Comme le patronat sait que les Solfériniens « aiment » l’entreprise et que le ventre mou de l’Élysée n’a plus prise sur grand-chose, il va continuer sa surenchère sans fin contre les salariés, contre les droits des travailleurs, contre les conditions d’existence de la majorité des Français. Ce que le Medef apprécie chez les Solfériniens, c’est que des « réformes » impossibles sous un gouvernement de droite sont désormais dans l’air du temps, parfaitement réalisables – et réalisées. L’objectif du Medef est, pour le long terme, d’arrimer les syndicats et le gouvernement sur son terrain.

 

En décembre prochain, l’offensive du Medef battra son plein.
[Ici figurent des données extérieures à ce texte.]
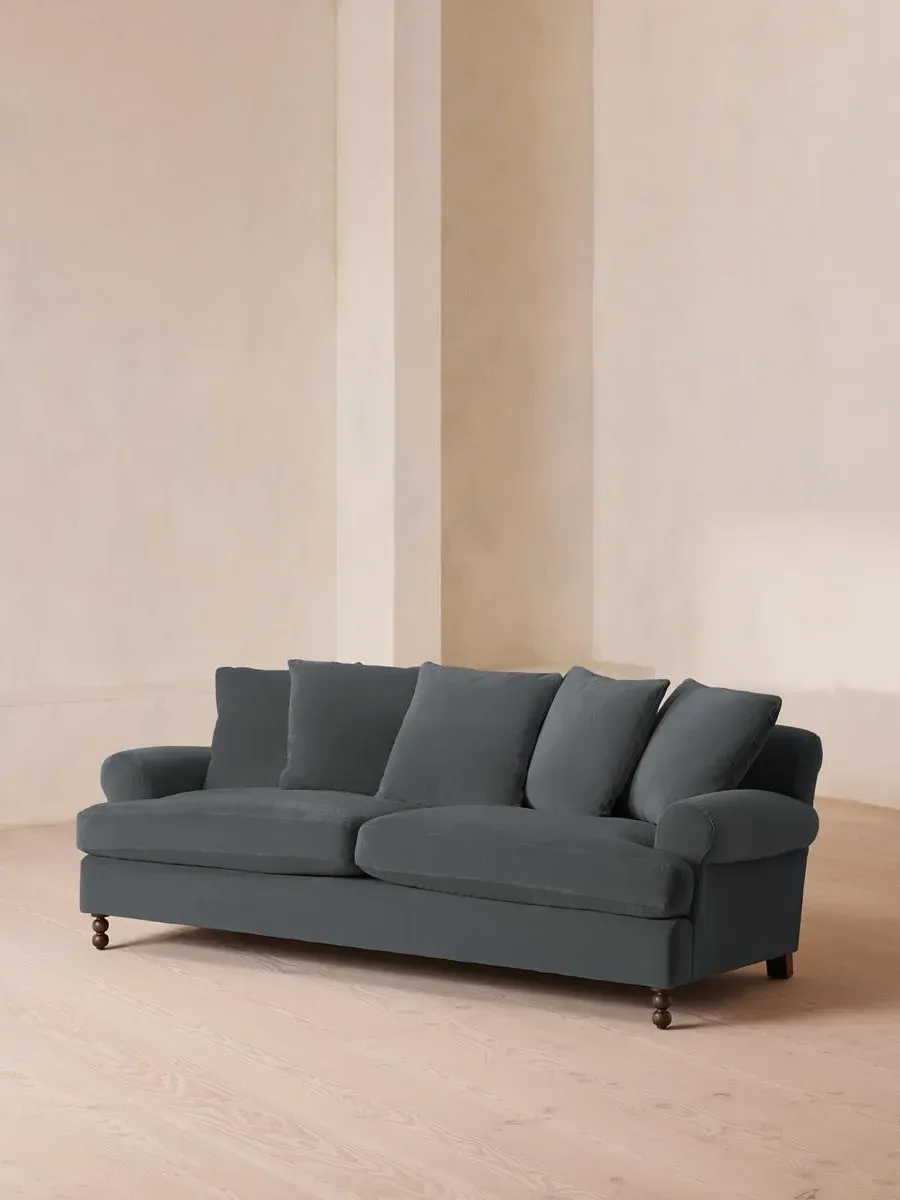 3-Seater Sofa with Scroll Arms - Grey Blue, Velvet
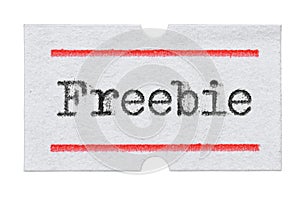 Freebie word on price tag sticker isolated on white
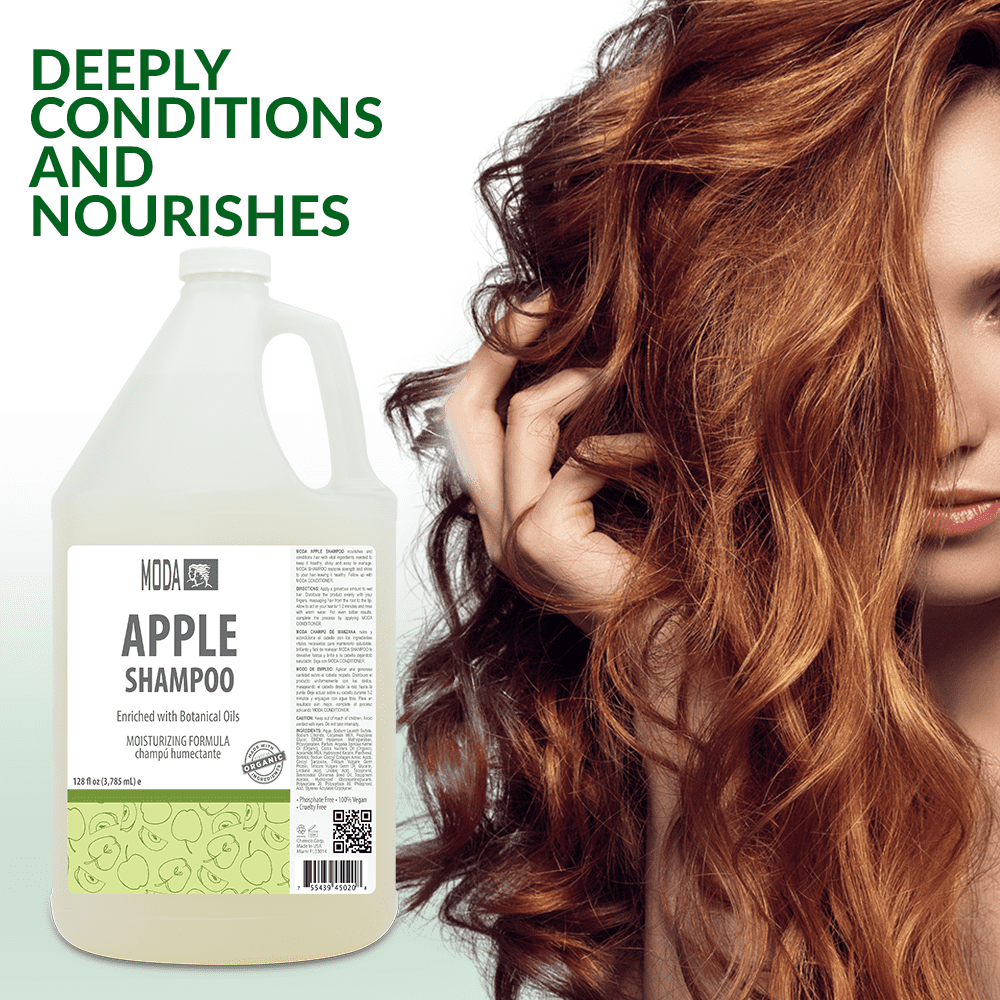 MODA - Moisturizing Shampoo for All Hair Types, Apple, 128 Oz, Professional - Deeply Cleanses and Conditions, Strengthens, Restores and Shine your Hair - With Glycerin, Keratin, Collagen
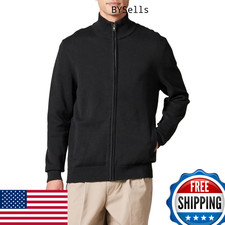 Amazon Essentials Men's Full-Zip Cotton Sweater, Black, X-Small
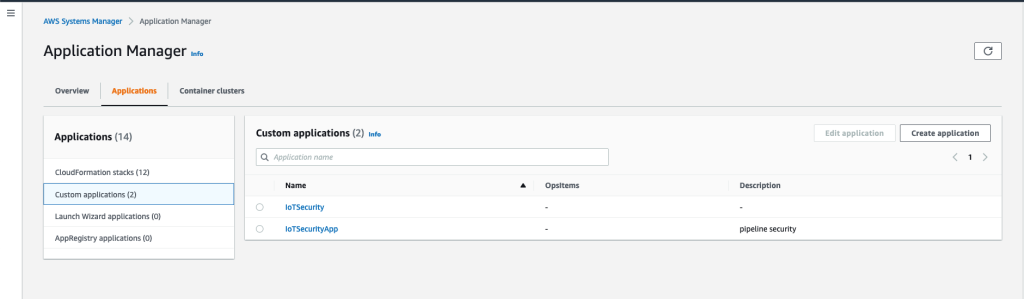 Figure 5: Custom applications dashboard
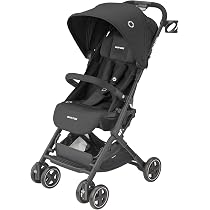 Maxi-Cosi Lara Ultra Compact Stroller, Airplane Carry-on Compliant for travel, Lightweight, one-hand fold, large storage, inludes travel bag Essential 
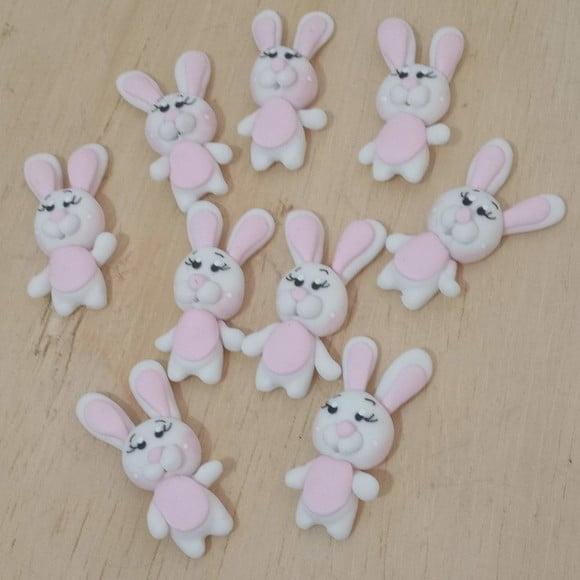 Mini Aplique Coelho de Biscuit Pacotinho com Dez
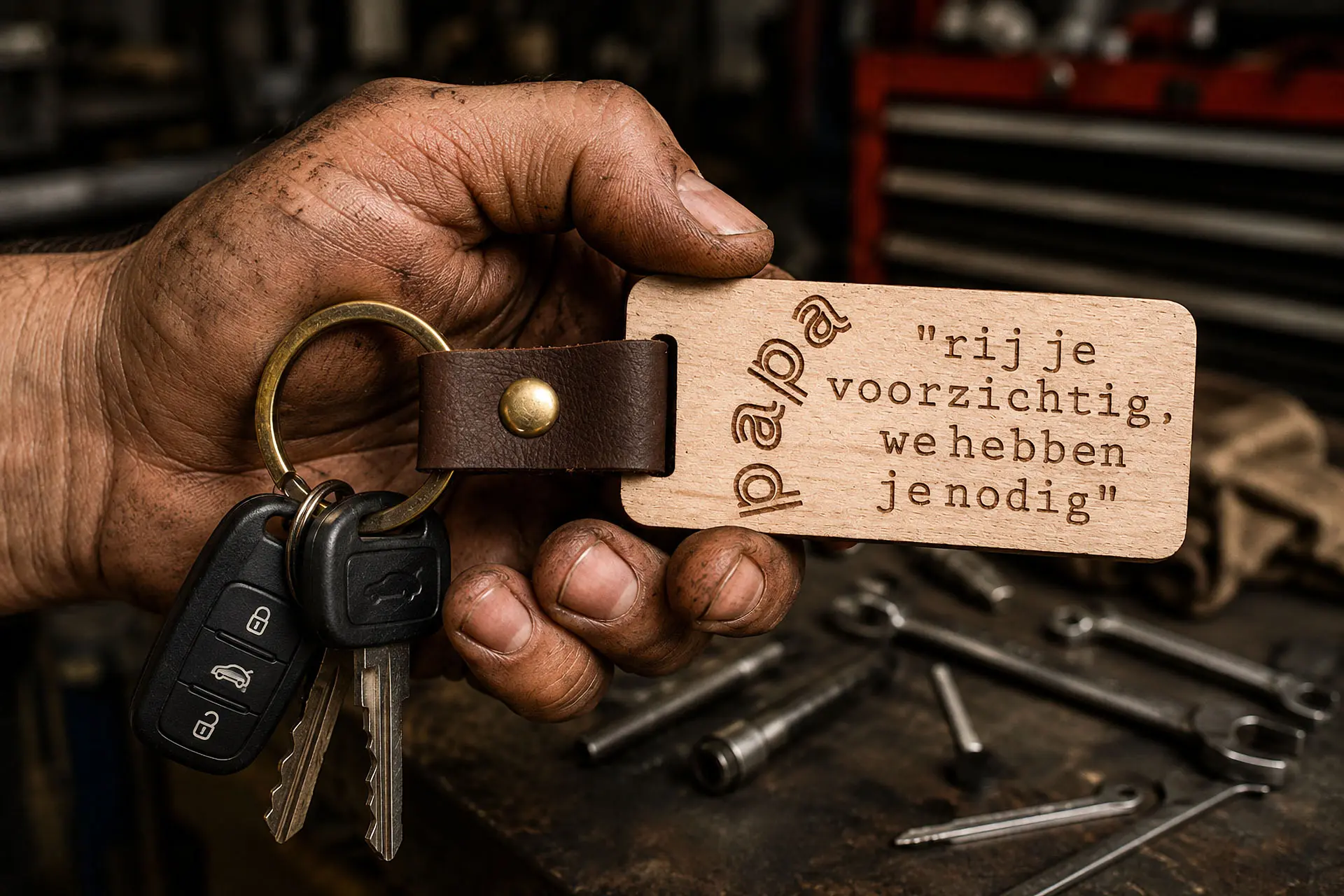 Sleutelhanger Papa met de namen van de kinderen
Gattaz, que ses amis appellent affectueusement le « bulldozer », va exiger les « réformes » suivantes :

 

  • le droit de licencier sans raison
  • la fin des 35 heures
  • la légalisation de l’emploi de salariés étrangers hors du droit français
  • le droit de payer des salariés au-dessous du smic
  • l’annulation de l’obligation d’un minimum de 24 heures par semaine pour les travailleurs employés à temps partiel
  • la remise en cause des seuils sociaux
  • la fin du compte pénibilité
  • l’annulation de l’obligation d’informer les salariés de la cession de l’entreprise dans les PME
  • l’annulation de l’impôt sur les dividendes.

 

« Bulldozer » Gattaz envisagerait même d’obtenir du bénévolat au service des patrons. Le Medef demande également à la France de sortir de la convention 158 de l’Organisation internationale du travail (la France est un des pays qui a ratifié le plus de conventions de l’OIT) qui, depuis 1985, réglemente la cessation de la relation de travail à l'initiative de l'employeur, par laquelle tout licenciement doit être motivé. Sortir de cette convention mettrait par exemple en péril les droits des femmes enceintes.

 

L’action militante patronale se traduira dans les semaines qui viennent par des conférences de presse et, peut-être, par des manifestations de rue !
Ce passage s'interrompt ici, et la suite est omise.